▶ YOUR GOAL:
From the line containing "Meet your Posher, Shari" through the last line of the records below, output every line exactly as it appears, but leave out the pictures.

===== PROVIDED RECORDS =====

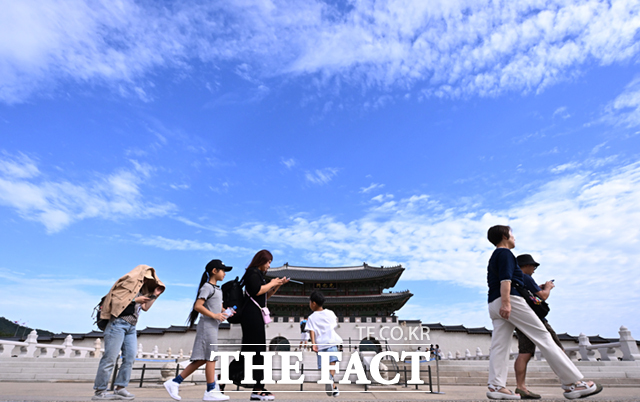 기상청에 따르면 15일 구름이 개면서 기온이 다시 오른다. /이새롬 기자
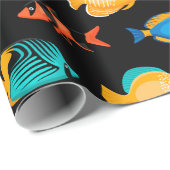 Verschiedene bunte tropische Fischmuster Geschenkpapier (Rolleneckpunkt)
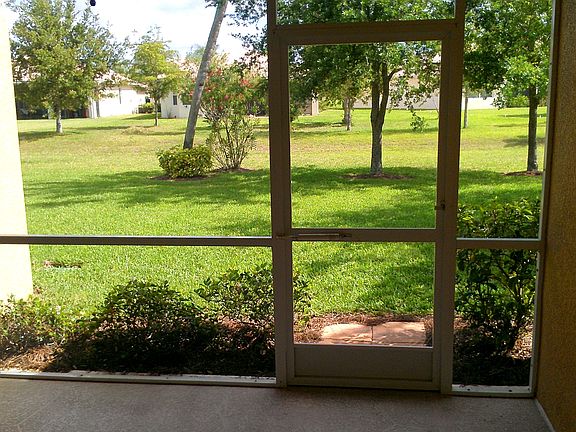 Lanai looking to backyard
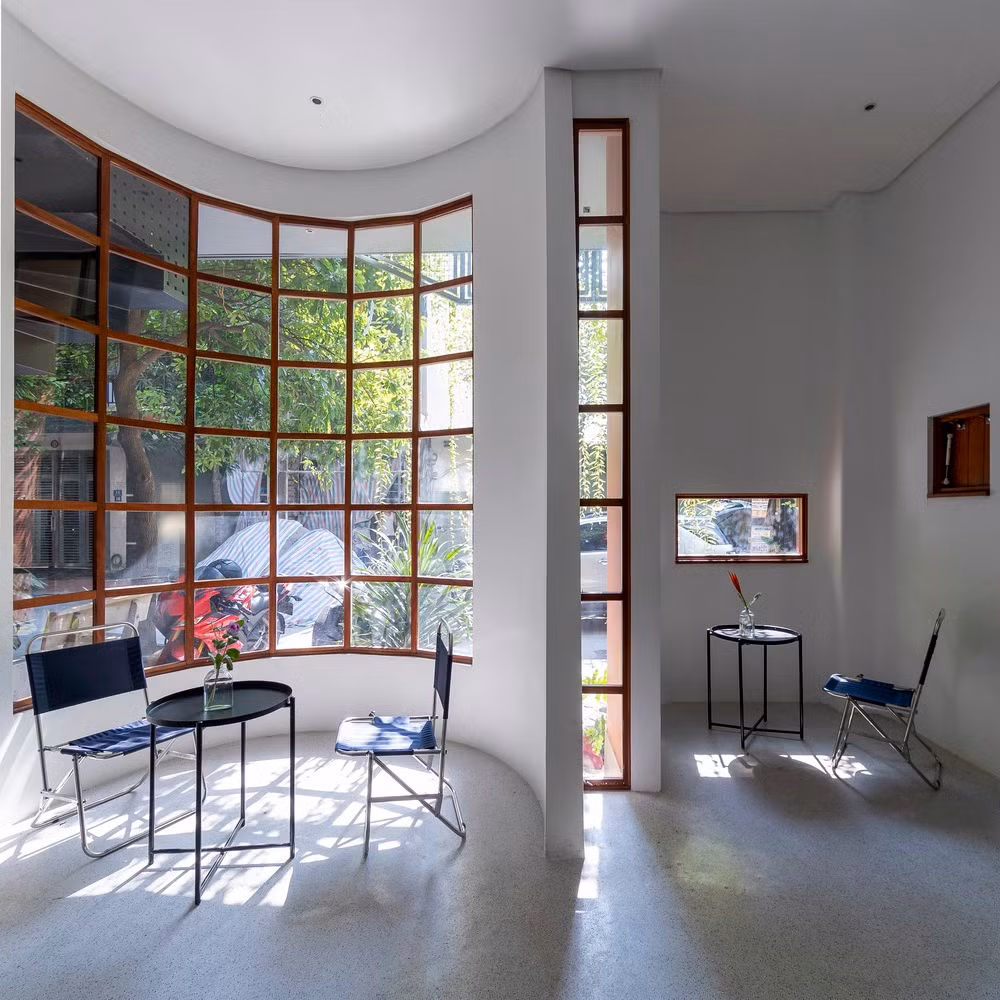 Tầng 2, 3, 4, 5, 6 là các căn hộ khép kín riêng biệt phù hợp cho gia đình nhỏ và khách ở lâu dài.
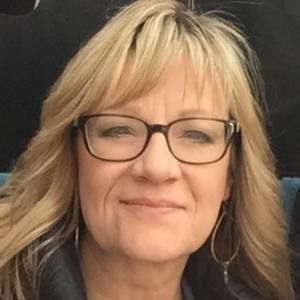 Meet your Posher, Shari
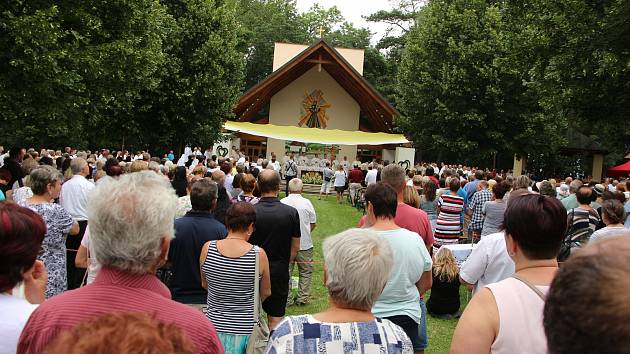 V pondělí 6. července sloužil svou první mši svatou na Svatém Antonínku Lhoťan Vojtěch Radoch.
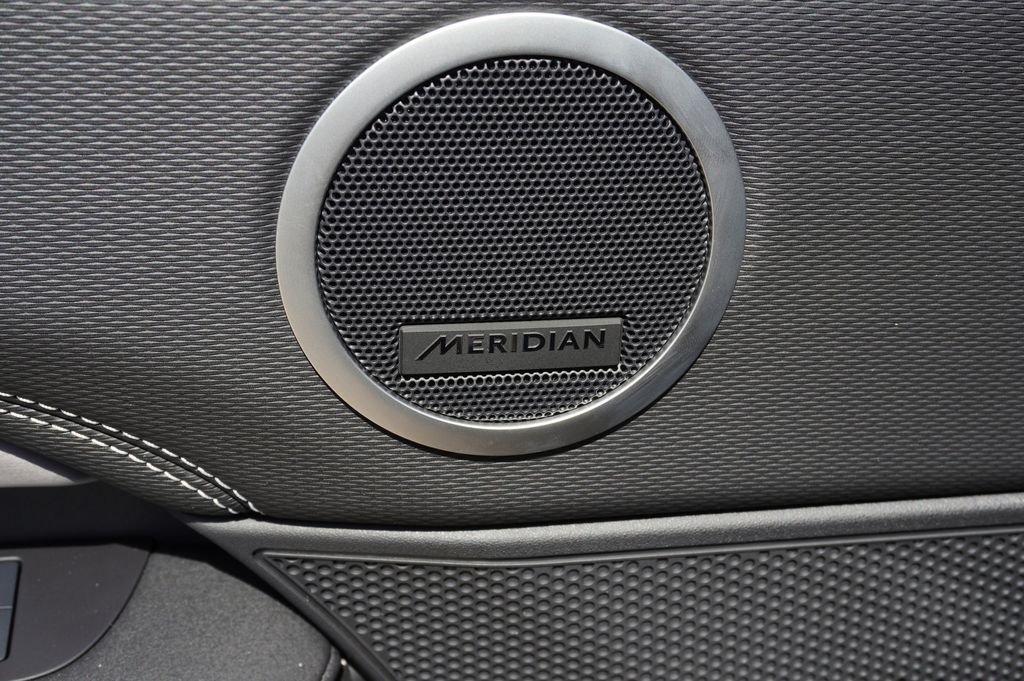 New 2026 Carpathian Grey Land Rover Dynamic SE image 11
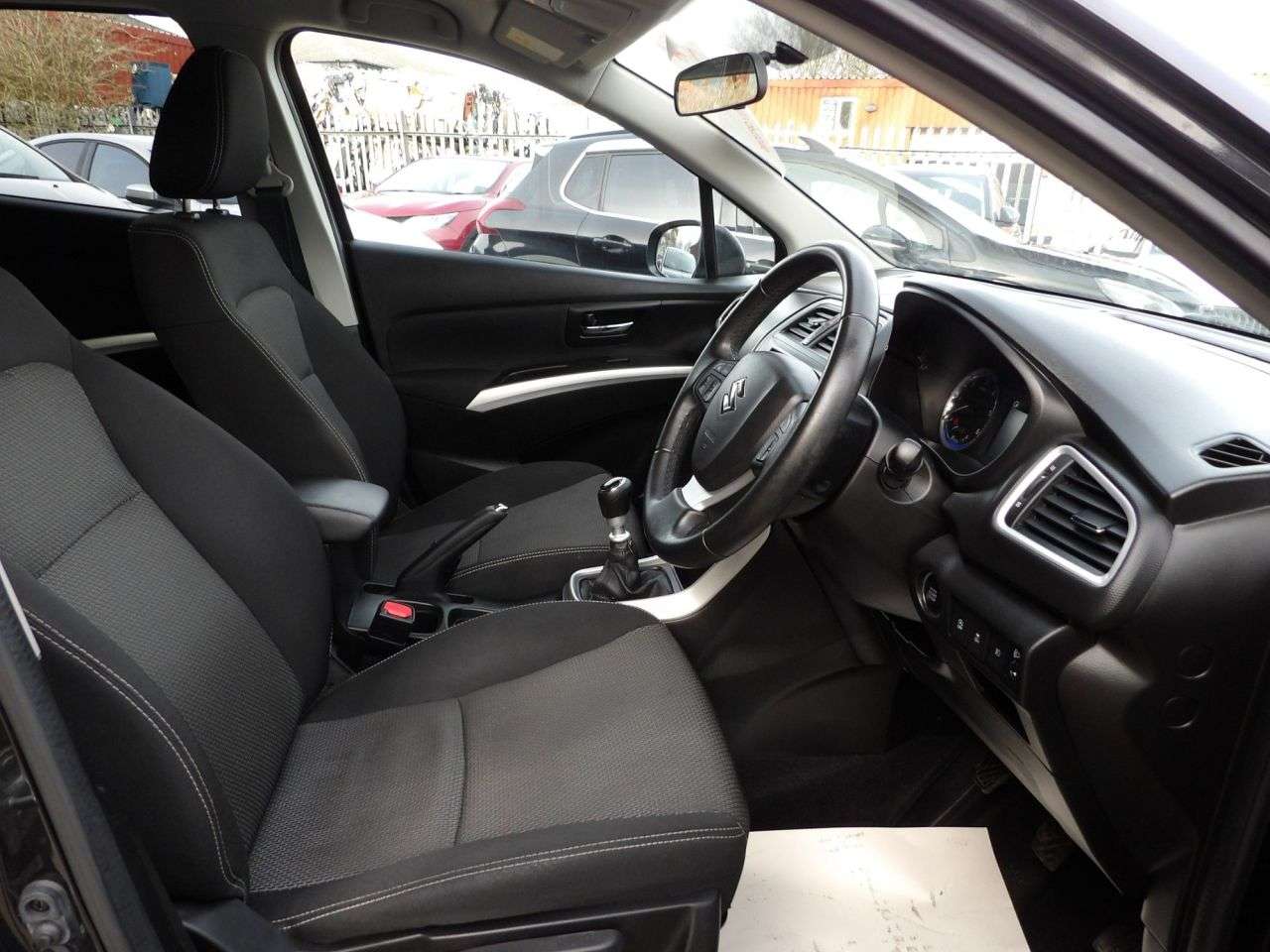 2016 SUZUKI SX4 S-CROSS 2016 SUZUKI SX4 S-CROSS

=====

▶ WRITTEN SOLUTION:
 Meet your Posher, Shari
 V pondělí 6. července sloužil svou první mši svatou na Svatém Antonínku Lhoťan Vojtěch Radoch.
 New 2026 Carpathian Grey Land Rover Dynamic SE image 11
 2016 SUZUKI SX4 S-CROSS 2016 SUZUKI SX4 S-CROSS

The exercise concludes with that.